-- Task goal --
An identical copy of all records below is to be written out.
=== Section Start ===
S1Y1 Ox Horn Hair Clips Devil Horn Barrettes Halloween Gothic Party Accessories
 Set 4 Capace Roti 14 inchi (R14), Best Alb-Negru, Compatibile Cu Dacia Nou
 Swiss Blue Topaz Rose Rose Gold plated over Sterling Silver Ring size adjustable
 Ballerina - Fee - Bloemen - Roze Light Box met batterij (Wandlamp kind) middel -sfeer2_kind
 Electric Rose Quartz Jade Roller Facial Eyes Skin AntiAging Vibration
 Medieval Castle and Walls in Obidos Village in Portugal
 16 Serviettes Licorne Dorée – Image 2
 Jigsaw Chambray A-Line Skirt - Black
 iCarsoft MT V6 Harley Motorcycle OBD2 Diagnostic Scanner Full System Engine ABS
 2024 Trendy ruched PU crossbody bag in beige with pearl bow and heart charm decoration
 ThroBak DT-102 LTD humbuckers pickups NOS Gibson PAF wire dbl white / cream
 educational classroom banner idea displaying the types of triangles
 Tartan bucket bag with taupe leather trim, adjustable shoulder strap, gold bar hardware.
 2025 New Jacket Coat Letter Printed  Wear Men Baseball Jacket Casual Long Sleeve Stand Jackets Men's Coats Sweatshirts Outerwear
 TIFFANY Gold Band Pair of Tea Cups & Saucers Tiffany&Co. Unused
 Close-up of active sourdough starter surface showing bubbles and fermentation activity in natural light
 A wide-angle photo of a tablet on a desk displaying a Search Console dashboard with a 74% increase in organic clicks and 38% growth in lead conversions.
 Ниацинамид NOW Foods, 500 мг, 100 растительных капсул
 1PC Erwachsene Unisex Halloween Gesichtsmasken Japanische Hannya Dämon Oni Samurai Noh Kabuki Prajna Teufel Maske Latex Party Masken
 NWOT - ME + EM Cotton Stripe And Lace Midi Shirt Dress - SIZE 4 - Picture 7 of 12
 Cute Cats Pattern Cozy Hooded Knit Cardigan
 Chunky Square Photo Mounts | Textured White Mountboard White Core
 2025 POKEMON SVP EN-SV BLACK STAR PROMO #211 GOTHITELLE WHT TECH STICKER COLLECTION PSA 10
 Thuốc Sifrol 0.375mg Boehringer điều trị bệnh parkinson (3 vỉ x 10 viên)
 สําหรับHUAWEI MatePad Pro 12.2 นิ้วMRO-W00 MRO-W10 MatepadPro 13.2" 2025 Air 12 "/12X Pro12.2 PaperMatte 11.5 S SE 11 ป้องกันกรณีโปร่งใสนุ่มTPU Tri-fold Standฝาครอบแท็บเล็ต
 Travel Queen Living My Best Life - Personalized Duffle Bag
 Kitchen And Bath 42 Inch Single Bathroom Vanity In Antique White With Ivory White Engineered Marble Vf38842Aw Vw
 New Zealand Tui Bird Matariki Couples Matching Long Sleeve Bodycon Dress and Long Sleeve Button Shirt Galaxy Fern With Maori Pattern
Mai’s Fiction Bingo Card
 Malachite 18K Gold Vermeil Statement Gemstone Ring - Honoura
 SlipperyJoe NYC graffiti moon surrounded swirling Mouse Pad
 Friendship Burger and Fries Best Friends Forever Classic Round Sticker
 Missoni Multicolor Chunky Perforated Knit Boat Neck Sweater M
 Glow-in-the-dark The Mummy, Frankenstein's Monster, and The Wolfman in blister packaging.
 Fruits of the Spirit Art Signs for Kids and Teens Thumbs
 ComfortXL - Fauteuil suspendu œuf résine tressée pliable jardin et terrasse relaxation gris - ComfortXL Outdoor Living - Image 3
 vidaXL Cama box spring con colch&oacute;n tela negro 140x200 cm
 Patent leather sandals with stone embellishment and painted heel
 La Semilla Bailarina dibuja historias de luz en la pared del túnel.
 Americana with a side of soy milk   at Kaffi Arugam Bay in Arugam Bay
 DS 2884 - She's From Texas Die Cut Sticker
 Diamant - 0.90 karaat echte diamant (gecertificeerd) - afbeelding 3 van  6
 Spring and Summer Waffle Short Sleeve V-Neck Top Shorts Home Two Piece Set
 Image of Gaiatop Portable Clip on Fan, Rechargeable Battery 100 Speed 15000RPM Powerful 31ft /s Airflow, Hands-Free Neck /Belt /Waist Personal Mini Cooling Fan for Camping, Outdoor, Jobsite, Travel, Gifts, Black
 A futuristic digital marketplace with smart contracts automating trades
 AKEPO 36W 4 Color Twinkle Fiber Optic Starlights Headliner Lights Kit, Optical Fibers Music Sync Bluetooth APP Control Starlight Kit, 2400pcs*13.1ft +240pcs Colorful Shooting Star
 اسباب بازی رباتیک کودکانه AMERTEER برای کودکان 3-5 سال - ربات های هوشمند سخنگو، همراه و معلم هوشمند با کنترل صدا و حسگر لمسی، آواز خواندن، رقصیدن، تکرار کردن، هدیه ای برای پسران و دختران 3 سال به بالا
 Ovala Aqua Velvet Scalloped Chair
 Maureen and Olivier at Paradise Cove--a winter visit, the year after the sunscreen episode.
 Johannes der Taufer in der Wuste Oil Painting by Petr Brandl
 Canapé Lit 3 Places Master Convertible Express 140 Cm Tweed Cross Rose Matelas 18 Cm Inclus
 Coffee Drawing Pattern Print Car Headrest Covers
=== Section End ===
-- Written answer --
S1Y1 Ox Horn Hair Clips Devil Horn Barrettes Halloween Gothic Party Accessories
 Set 4 Capace Roti 14 inchi (R14), Best Alb-Negru, Compatibile Cu Dacia Nou
 Swiss Blue Topaz Rose Rose Gold plated over Sterling Silver Ring size adjustable
 Ballerina - Fee - Bloemen - Roze Light Box met batterij (Wandlamp kind) middel -sfeer2_kind
 Electric Rose Quartz Jade Roller Facial Eyes Skin AntiAging Vibration
 Medieval Castle and Walls in Obidos Village in Portugal
 16 Serviettes Licorne Dorée – Image 2
 Jigsaw Chambray A-Line Skirt - Black
 iCarsoft MT V6 Harley Motorcycle OBD2 Diagnostic Scanner Full System Engine ABS
 2024 Trendy ruched PU crossbody bag in beige with pearl bow and heart charm decoration
 ThroBak DT-102 LTD humbuckers pickups NOS Gibson PAF wire dbl white / cream
 educational classroom banner idea displaying the types of triangles
 Tartan bucket bag with taupe leather trim, adjustable shoulder strap, gold bar hardware.
 2025 New Jacket Coat Letter Printed  Wear Men Baseball Jacket Casual Long Sleeve Stand Jackets Men's Coats Sweatshirts Outerwear
 TIFFANY Gold Band Pair of Tea Cups & Saucers Tiffany&Co. Unused
 Close-up of active sourdough starter surface showing bubbles and fermentation activity in natural light
 A wide-angle photo of a tablet on a desk displaying a Search Console dashboard with a 74% increase in organic clicks and 38% growth in lead conversions.
 Ниацинамид NOW Foods, 500 мг, 100 растительных капсул
 1PC Erwachsene Unisex Halloween Gesichtsmasken Japanische Hannya Dämon Oni Samurai Noh Kabuki Prajna Teufel Maske Latex Party Masken
 NWOT - ME + EM Cotton Stripe And Lace Midi Shirt Dress - SIZE 4 - Picture 7 of 12
 Cute Cats Pattern Cozy Hooded Knit Cardigan
 Chunky Square Photo Mounts | Textured White Mountboard White Core
 2025 POKEMON SVP EN-SV BLACK STAR PROMO #211 GOTHITELLE WHT TECH STICKER COLLECTION PSA 10
 Thuốc Sifrol 0.375mg Boehringer điều trị bệnh parkinson (3 vỉ x 10 viên)
 สําหรับHUAWEI MatePad Pro 12.2 นิ้วMRO-W00 MRO-W10 MatepadPro 13.2" 2025 Air 12 "/12X Pro12.2 PaperMatte 11.5 S SE 11 ป้องกันกรณีโปร่งใสนุ่มTPU Tri-fold Standฝาครอบแท็บเล็ต
 Travel Queen Living My Best Life - Personalized Duffle Bag
 Kitchen And Bath 42 Inch Single Bathroom Vanity In Antique White With Ivory White Engineered Marble Vf38842Aw Vw
 New Zealand Tui Bird Matariki Couples Matching Long Sleeve Bodycon Dress and Long Sleeve Button Shirt Galaxy Fern With Maori Pattern
Mai’s Fiction Bingo Card
 Malachite 18K Gold Vermeil Statement Gemstone Ring - Honoura
 SlipperyJoe NYC graffiti moon surrounded swirling Mouse Pad
 Friendship Burger and Fries Best Friends Forever Classic Round Sticker
 Missoni Multicolor Chunky Perforated Knit Boat Neck Sweater M
 Glow-in-the-dark The Mummy, Frankenstein's Monster, and The Wolfman in blister packaging.
 Fruits of the Spirit Art Signs for Kids and Teens Thumbs
 ComfortXL - Fauteuil suspendu œuf résine tressée pliable jardin et terrasse relaxation gris - ComfortXL Outdoor Living - Image 3
 vidaXL Cama box spring con colch&oacute;n tela negro 140x200 cm
 Patent leather sandals with stone embellishment and painted heel
 La Semilla Bailarina dibuja historias de luz en la pared del túnel.
 Americana with a side of soy milk   at Kaffi Arugam Bay in Arugam Bay
 DS 2884 - She's From Texas Die Cut Sticker
 Diamant - 0.90 karaat echte diamant (gecertificeerd) - afbeelding 3 van  6
 Spring and Summer Waffle Short Sleeve V-Neck Top Shorts Home Two Piece Set
 Image of Gaiatop Portable Clip on Fan, Rechargeable Battery 100 Speed 15000RPM Powerful 31ft /s Airflow, Hands-Free Neck /Belt /Waist Personal Mini Cooling Fan for Camping, Outdoor, Jobsite, Travel, Gifts, Black
 A futuristic digital marketplace with smart contracts automating trades
 AKEPO 36W 4 Color Twinkle Fiber Optic Starlights Headliner Lights Kit, Optical Fibers Music Sync Bluetooth APP Control Starlight Kit, 2400pcs*13.1ft +240pcs Colorful Shooting Star
 اسباب بازی رباتیک کودکانه AMERTEER برای کودکان 3-5 سال - ربات های هوشمند سخنگو، همراه و معلم هوشمند با کنترل صدا و حسگر لمسی، آواز خواندن، رقصیدن، تکرار کردن، هدیه ای برای پسران و دختران 3 سال به بالا
 Ovala Aqua Velvet Scalloped Chair
 Maureen and Olivier at Paradise Cove--a winter visit, the year after the sunscreen episode.
 Johannes der Taufer in der Wuste Oil Painting by Petr Brandl
 Canapé Lit 3 Places Master Convertible Express 140 Cm Tweed Cross Rose Matelas 18 Cm Inclus
 Coffee Drawing Pattern Print Car Headrest Covers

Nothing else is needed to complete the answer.